Weniger zu verlieren als Kutschaty hat Oliver Scheytt, dem nachgesagt wird, wirklich Lust auf die OB-Kandidatur in seiner Heimatstadt zu haben.Der 55-Jährige brächte mit: Weltgewandtheit, erworben auch an der Seite von Peer Steinbrück, intellektuelle Brillanz und immerhin 16 Jahre Verwaltungserfahrung als Kulturdezernent. Der Organisator der Kulturhauptstadt 2010, der derzeit als selbstständiger Strategie- und Personalberater im Kulturbereich arbeitet, ist allerdings in der SPD nur mäßig gelitten. Es gibt Zweifel, ob er bei so genannten „kleinen Leuten“ gut ankommt. Zwar ist Scheytt nicht arrogant im engeren Sinn, wirkt aber kühl, etwas scheu und wenig leutselig. Auf dem Marktplatz in Katernberg etwa kann das ein Problem sein. Gut vorstellbar hingegen, dass Scheytt mehr noch als Kutschaty im liberalen, kulturbeflissenen Essener Bürgertum kräftig Punkte machen würde zu Lasten des OB-Kandidaten der CDU.

Wunschgegnerin der CDU

Das wiederum müsste die CDU bei der Landtagsabgeordneten Britta Altenkamp (49) kaum befürchten. Die Parteilinke genießt einen Ruf als gute Organisatorin, liebt die kämpferische Rhetorik und ist in der Sozialpolitik sattelfest. Ob sie in einer inzwischen doch recht bürgerlichen Stadt wie Essen Chancen hat, dürfte aber stark vom Gegenkandidaten und der politischen Großwetterlage abhängen, die ihr thematisch in die Hände spielen müsste.
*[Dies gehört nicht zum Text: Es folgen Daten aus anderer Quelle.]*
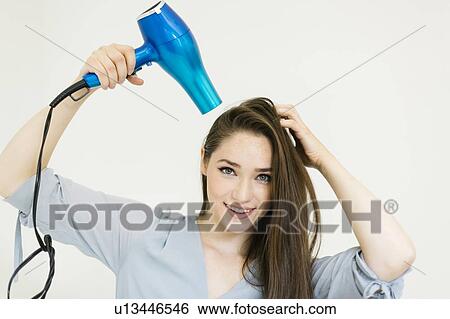Stock Photograph - Woman using hair dryer. Fotosearch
Faustregel: Je linker der Zeitgeist, desto besser für Altenkamp. Für die CDU wäre sie wohl so etwas wie die Wunschgegnerin, Verwechslungsgefahr bestünde wenig. Auch deshalb ist sie in der Essener SPD nicht die erste Wahl. Offen muss bleiben, ob sie selbst will.
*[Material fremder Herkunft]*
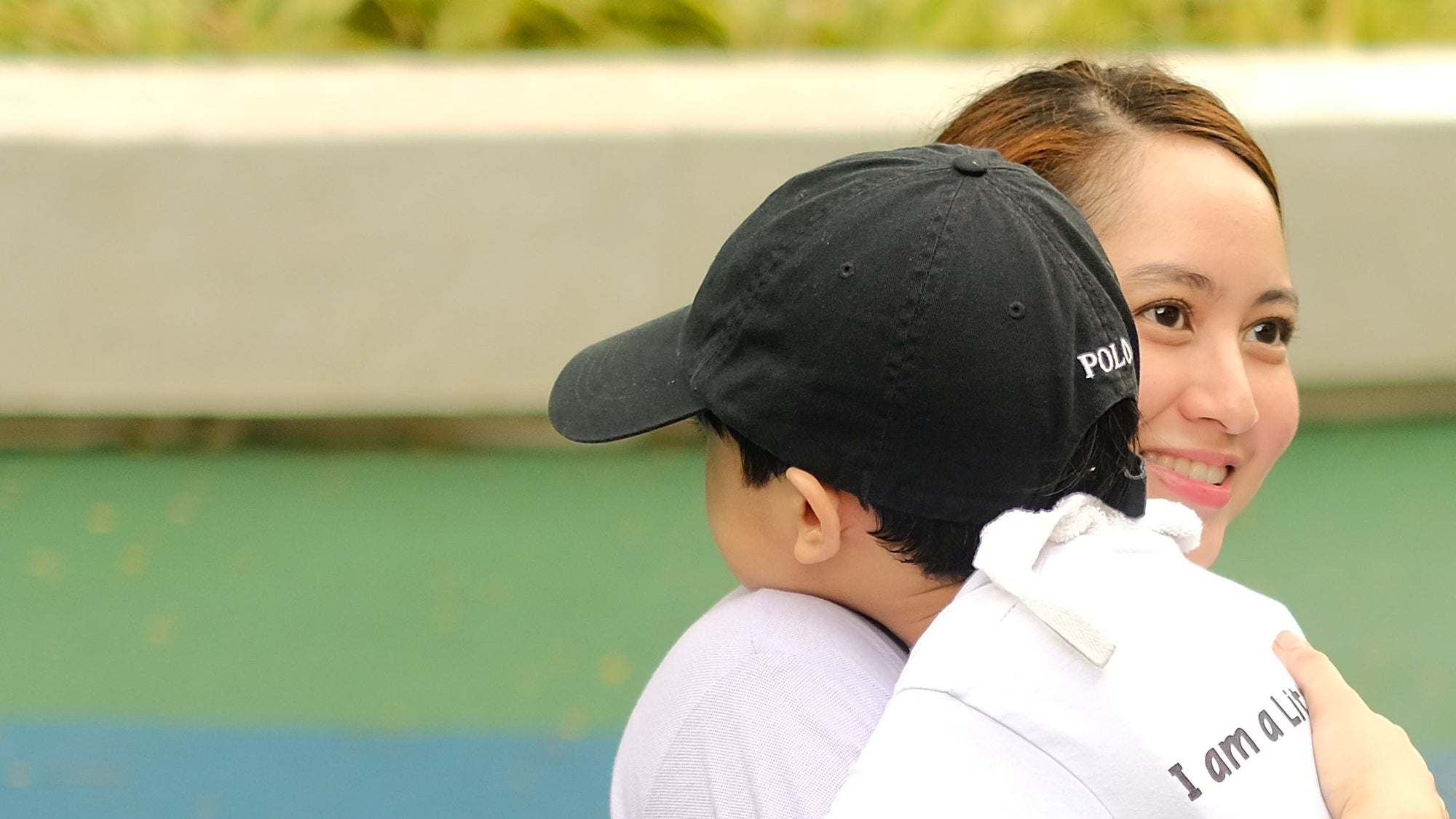 Teacher Mimi (Miranda Avellana) and student of Little Warriors Preschool shares a hug at Ayala Triangle, Makati City.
Ohnehin gilt, siehe oben: Vor der OB-Wahl steht die Ratswahl. Je stärker die SPD dort abschneidet, je weniger gegen sie im Rat umsetzbar ist, desto größer ist potenziell der Andrang auf die OB-Kandidatur – und umgekehrt. Denn Reinhard Paß ist nicht nur an sich selbst gescheitert, auch an einer Ratsmehrheit, die ihm ständig Knüppel zwischen die Beine warf. Das wird sich nicht jeder antun wollen.